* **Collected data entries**
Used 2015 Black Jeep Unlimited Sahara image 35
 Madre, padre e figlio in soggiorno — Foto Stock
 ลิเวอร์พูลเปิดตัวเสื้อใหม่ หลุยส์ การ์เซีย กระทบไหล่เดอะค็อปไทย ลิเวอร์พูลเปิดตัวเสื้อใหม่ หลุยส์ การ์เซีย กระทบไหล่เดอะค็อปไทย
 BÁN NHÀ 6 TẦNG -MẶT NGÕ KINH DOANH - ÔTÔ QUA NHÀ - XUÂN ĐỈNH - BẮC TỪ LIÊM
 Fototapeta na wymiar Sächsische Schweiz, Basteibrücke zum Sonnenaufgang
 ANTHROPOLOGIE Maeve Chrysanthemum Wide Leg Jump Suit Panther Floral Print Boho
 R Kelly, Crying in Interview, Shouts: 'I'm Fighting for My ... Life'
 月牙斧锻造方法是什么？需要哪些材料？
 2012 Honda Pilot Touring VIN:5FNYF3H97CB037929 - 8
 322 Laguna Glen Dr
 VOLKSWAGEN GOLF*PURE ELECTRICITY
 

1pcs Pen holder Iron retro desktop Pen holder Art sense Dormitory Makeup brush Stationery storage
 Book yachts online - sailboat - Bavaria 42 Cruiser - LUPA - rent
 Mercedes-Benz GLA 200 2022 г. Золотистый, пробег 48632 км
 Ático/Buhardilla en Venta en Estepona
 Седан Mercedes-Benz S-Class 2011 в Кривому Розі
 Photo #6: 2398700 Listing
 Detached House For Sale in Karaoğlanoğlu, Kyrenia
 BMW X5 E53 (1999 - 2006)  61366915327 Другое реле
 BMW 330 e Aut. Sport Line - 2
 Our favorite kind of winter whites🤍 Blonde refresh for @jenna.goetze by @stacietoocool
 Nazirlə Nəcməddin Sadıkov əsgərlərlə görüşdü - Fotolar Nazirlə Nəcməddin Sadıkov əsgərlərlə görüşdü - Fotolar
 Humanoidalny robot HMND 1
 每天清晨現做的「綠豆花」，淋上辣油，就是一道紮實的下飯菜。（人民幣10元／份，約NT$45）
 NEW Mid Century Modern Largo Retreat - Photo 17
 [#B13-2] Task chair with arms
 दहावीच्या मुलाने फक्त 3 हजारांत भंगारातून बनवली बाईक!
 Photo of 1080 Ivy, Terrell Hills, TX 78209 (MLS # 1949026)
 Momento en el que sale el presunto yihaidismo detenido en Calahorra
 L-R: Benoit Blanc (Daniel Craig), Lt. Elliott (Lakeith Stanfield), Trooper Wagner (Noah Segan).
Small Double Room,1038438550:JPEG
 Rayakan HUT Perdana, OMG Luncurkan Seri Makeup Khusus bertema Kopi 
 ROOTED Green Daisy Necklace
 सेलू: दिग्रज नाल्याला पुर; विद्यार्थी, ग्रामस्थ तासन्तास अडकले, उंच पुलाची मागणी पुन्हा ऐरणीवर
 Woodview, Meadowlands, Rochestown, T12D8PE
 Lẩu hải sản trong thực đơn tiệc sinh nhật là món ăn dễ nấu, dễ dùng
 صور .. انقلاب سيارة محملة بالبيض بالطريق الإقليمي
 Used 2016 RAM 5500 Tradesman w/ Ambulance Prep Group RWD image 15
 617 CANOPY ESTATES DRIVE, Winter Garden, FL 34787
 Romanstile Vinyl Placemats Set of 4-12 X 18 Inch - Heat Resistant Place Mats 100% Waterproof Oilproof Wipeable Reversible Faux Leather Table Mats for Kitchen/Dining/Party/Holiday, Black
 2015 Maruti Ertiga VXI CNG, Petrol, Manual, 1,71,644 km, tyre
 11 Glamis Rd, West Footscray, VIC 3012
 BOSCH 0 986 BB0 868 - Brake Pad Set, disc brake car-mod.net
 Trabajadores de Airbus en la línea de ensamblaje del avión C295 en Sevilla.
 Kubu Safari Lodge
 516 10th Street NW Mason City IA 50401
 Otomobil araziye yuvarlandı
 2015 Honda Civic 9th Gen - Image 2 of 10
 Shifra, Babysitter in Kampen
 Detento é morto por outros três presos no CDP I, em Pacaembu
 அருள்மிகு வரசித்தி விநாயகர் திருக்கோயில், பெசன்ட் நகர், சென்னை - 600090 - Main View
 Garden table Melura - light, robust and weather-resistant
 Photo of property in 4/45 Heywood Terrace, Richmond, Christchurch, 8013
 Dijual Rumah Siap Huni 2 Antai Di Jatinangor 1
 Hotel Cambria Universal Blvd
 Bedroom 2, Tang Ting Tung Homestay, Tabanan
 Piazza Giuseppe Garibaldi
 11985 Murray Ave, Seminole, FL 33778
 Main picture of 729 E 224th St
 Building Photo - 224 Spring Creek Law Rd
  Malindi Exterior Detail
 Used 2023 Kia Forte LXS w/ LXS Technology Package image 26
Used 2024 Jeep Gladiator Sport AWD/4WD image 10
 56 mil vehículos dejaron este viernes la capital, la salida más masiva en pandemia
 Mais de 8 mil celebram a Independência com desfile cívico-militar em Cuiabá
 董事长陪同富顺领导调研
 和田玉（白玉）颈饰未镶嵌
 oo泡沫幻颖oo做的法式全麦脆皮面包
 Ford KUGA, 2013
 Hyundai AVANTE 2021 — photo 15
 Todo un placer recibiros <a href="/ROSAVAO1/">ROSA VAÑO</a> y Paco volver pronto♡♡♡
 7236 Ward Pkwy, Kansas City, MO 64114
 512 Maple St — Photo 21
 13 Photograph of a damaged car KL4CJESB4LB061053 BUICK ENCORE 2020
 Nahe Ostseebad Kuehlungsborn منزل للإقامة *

* **What is being asked**
Give back, exactly as written, the stretch from the line with "Madre, padre e" through the line with "Mercedes-Benz GLA 200", and no other lines from the records above.

* **Answer for the task**
 Madre, padre e figlio in soggiorno — Foto Stock
 ลิเวอร์พูลเปิดตัวเสื้อใหม่ หลุยส์ การ์เซีย กระทบไหล่เดอะค็อปไทย ลิเวอร์พูลเปิดตัวเสื้อใหม่ หลุยส์ การ์เซีย กระทบไหล่เดอะค็อปไทย
 BÁN NHÀ 6 TẦNG -MẶT NGÕ KINH DOANH - ÔTÔ QUA NHÀ - XUÂN ĐỈNH - BẮC TỪ LIÊM
 Fototapeta na wymiar Sächsische Schweiz, Basteibrücke zum Sonnenaufgang
 ANTHROPOLOGIE Maeve Chrysanthemum Wide Leg Jump Suit Panther Floral Print Boho
 R Kelly, Crying in Interview, Shouts: 'I'm Fighting for My ... Life'
 月牙斧锻造方法是什么？需要哪些材料？
 2012 Honda Pilot Touring VIN:5FNYF3H97CB037929 - 8
 322 Laguna Glen Dr
 VOLKSWAGEN GOLF*PURE ELECTRICITY
 

1pcs Pen holder Iron retro desktop Pen holder Art sense Dormitory Makeup brush Stationery storage
 Book yachts online - sailboat - Bavaria 42 Cruiser - LUPA - rent
 Mercedes-Benz GLA 200 2022 г. Золотистый, пробег 48632 км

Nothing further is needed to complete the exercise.